Colton Vasek

No. 92 – Texas Longhorns
- Position: EDGE
- Class: Redshirt Junior

Personal information
- Listed height: 6 ft 5 in (1.96 m)
- Listed weight: 260 lb (118 kg)

Career information
- High school: Westlake (Austin, Texas)
- College: Texas (2023–present);
- Stats at ESPN

= Colton Vasek =

American football player

Colton Vasek is an American college football defensive end for the Texas Longhorns.

==Early life==
Vasek grew up in Austin, Texas and attended Westlake High School. He had 71 tackles and 14 sacks as a senior. Vasek was rated a four-star recruit and initially committed to play college football at Oklahoma over offers from Oregon, Texas, and Texas Tech. He later flipped his commitment to Texas.

==College career==
In 2023, Vasek suffered a back injury before the start of his freshman season with the Texas Longhorns and redshirted that year. In 2024 as a redshirt freshman, Vasek played in 11 games and had seven tackles and two sacks. In 2025, Vasek played in 12 games and had three tackles.
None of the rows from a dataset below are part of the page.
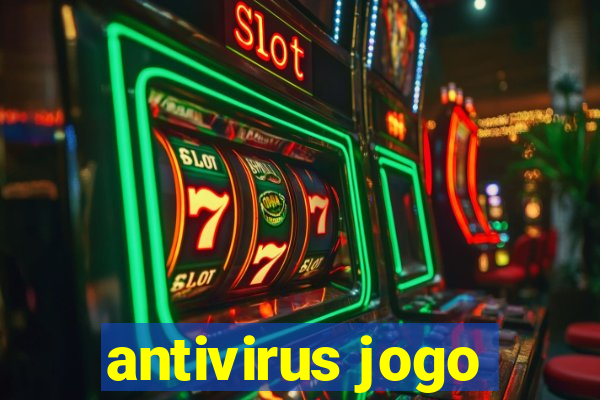 antivirus jogo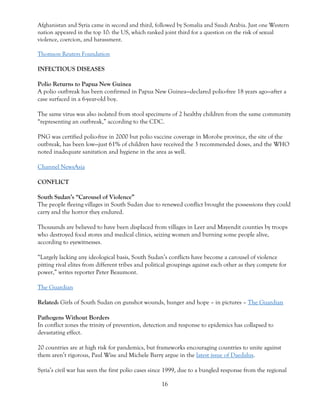 16
Afghanistan and Syria came in second and third, followed by Somalia and Saudi Arabia. Just one Western
nation appeared in the top 10: the US, which ranked joint third for a question on the risk of sexual
violence, coercion, and harassment.
Thomson Reuters Foundation
INFECTIOUS DISEASES
Polio Returns to Papua New Guinea
A polio outbreak has been confirmed in Papua New Guinea—declared polio-free 18 years ago—after a
case surfaced in a 6-year-old boy.
The same virus was also isolated from stool specimens of 2 healthy children from the same community
“representing an outbreak,” according to the CDC.
PNG was certified polio-free in 2000 but polio vaccine coverage in Morobe province, the site of the
outbreak, has been low—just 61% of children have received the 3 recommended doses, and the WHO
noted inadequate sanitation and hygiene in the area as well.
Channel NewsAsia
CONFLICT
South Sudan’s “Carousel of Violence”
The people fleeing villages in South Sudan due to renewed conflict brought the possessions they could
carry and the horror they endured.
Thousands are believed to have been displaced from villages in Leer and Mayendit counties by troops
who destroyed food stores and medical clinics, seizing women and burning some people alive,
according to eyewitnesses.
“Largely lacking any ideological basis, South Sudan’s conflicts have become a carousel of violence
pitting rival elites from different tribes and political groupings against each other as they compete for
power,” writes reporter Peter Beaumont.
The Guardian
Related: Girls of South Sudan on gunshot wounds, hunger and hope – in pictures – The Guardian
Pathogens Without Borders
In conflict zones the trinity of prevention, detection and response to epidemics has collapsed to
devastating effect.
20 countries are at high risk for pandemics, but frameworks encouraging countries to unite against
them aren’t rigorous, Paul Wise and Michele Barry argue in the latest issue of Daedalus.
Syria’s civil war has seen the first polio cases since 1999, due to a bungled response from the regional
 
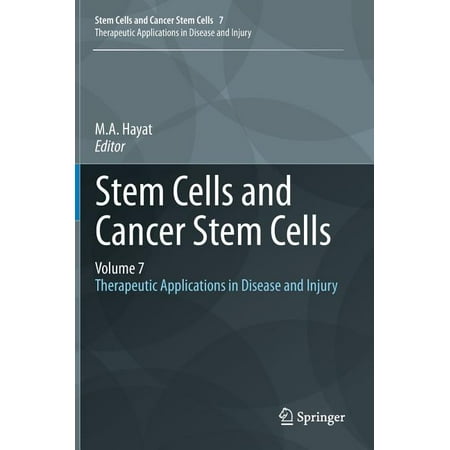UPC: 9789400742840 | Stem Cells and Cancer Stem Cells: Stem Cells and Cancer Stem Cells Volume 7: Therapeutic Applications in Disease and Injury (Hardcover)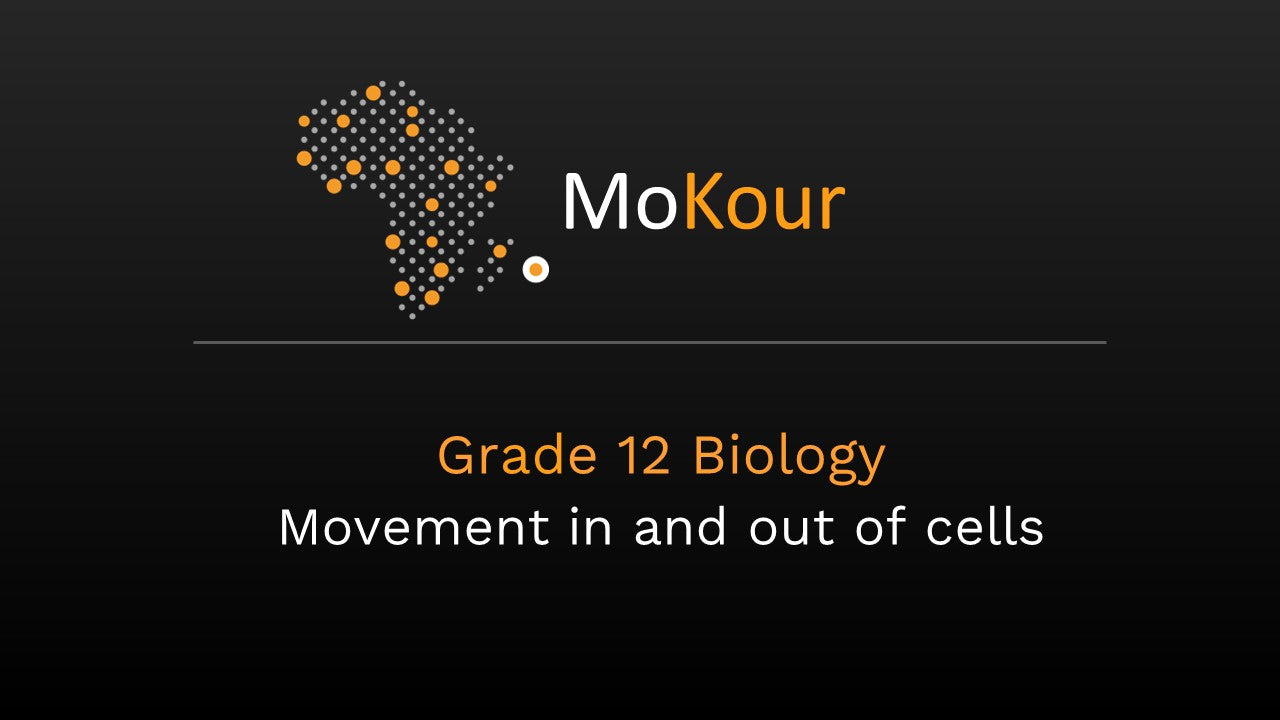 Grade 12 Biology: Movement in and out of cells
Before the start of the 2026 season, Vasek was moved from EDGE to SAM linebacker.

===College statistics===

| Year | Team | GP | Tackles |  |  |  |  | Interceptions |  |  |  | Fumbles |  |  |  |
| Solo | Ast | Cmb | TfL | Sck | Int | Yds | TD | PD | FR | Yds | TD | FF |
| 2023 | Texas | 0 | 0 | 0 | 0 | 0 | 0 | 0 | 0 | 0 | 0 | 0 | 0 | 0 | 0 |
| 2024 | Texas | 11 | 4 | 3 | 7 | 2.5 | 2.0 | 0 | 0 | 0 | 0 | 0 | 0 | 0 | 0 |
| 2025 | Texas | 12 | 2 | 1 | 3 | 0 | 0 | 0 | 0 | 0 | 0 | 0 | 0 | 0 | 0 |
| Career |  | 23 | 6 | 4 | 10 | 2.5 | 2.0 | 0 | 0 | 0 | 0 | 0 | 0 | 0 | 0 |

==Personal life==
Vasek's father, Brian, played college football at Texas from 1991 to 1995. His younger brother, Connor, currently plays defensive end at Westlake and is committed to play college football at Air Force.